TASK ITEM: Look through the entries. Copy each line that has the word "whether".

DATA SECTION section start

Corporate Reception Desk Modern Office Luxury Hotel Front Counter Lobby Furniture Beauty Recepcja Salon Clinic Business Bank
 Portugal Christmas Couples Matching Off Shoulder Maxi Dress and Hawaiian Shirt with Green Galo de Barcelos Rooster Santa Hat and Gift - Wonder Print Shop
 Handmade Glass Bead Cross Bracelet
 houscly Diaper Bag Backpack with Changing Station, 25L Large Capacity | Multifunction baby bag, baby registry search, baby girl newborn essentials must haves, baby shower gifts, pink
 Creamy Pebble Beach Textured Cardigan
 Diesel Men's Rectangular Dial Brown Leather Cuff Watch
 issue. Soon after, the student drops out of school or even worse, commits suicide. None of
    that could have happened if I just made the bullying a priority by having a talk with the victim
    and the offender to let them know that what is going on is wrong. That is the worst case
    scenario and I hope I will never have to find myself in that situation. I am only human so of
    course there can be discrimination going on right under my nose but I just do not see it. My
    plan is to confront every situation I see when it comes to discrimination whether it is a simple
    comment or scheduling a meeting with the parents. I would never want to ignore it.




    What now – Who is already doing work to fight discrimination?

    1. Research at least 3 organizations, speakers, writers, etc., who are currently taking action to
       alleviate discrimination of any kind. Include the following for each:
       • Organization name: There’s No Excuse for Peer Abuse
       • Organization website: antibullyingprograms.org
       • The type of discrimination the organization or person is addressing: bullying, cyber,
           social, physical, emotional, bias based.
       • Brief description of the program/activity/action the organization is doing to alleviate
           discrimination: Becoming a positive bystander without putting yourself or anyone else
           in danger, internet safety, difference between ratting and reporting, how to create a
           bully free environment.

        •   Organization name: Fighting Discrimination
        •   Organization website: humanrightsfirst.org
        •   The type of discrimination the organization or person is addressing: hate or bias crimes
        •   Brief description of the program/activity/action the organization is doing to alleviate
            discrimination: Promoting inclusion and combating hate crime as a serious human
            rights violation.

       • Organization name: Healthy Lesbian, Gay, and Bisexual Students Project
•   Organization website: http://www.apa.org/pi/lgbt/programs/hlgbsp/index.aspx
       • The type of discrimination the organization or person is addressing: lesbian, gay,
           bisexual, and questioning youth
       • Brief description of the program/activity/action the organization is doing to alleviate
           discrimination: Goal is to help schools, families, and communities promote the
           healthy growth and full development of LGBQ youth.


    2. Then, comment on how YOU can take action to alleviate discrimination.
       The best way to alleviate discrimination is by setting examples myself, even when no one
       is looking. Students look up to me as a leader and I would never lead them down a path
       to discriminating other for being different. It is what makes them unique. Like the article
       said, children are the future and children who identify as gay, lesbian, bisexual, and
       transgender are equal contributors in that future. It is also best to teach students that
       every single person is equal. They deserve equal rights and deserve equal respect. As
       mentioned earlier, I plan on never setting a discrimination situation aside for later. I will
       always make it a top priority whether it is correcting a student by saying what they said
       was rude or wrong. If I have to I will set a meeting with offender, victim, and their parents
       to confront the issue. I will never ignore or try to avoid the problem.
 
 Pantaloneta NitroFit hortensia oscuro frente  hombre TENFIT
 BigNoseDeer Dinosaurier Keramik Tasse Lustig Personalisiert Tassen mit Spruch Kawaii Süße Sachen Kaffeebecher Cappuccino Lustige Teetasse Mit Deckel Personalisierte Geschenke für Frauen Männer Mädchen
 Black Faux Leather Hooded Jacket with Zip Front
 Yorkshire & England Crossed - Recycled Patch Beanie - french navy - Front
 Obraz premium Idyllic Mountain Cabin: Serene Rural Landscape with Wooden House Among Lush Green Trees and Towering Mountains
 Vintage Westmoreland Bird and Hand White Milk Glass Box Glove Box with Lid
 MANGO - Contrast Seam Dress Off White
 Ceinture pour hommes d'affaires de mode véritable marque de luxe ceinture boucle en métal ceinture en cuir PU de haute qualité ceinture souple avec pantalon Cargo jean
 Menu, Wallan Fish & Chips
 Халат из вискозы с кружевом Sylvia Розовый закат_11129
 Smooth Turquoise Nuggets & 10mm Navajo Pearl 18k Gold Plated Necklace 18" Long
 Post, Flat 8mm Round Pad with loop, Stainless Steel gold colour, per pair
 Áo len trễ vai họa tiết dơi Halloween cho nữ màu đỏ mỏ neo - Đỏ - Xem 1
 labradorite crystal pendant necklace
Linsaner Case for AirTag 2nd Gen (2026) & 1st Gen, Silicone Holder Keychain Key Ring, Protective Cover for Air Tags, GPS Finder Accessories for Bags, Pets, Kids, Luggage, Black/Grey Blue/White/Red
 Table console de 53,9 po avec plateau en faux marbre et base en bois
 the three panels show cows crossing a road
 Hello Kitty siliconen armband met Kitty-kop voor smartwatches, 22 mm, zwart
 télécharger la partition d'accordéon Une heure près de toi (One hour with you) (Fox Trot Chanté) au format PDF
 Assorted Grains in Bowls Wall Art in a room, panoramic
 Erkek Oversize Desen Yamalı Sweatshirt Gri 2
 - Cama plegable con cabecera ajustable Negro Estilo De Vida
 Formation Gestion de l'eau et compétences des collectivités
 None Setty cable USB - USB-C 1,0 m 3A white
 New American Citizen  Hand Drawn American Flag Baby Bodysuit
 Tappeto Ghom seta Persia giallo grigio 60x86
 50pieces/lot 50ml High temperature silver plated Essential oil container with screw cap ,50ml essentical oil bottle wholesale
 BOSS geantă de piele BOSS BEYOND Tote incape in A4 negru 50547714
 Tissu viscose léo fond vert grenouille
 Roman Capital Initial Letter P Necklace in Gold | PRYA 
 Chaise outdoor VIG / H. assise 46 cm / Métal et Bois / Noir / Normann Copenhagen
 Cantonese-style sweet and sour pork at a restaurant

DATA SECTION section end

EXERCISE RESULT:
    plan is to confront every situation I see when it comes to discrimination whether it is a simple
       always make it a top priority whether it is correcting a student by saying what they said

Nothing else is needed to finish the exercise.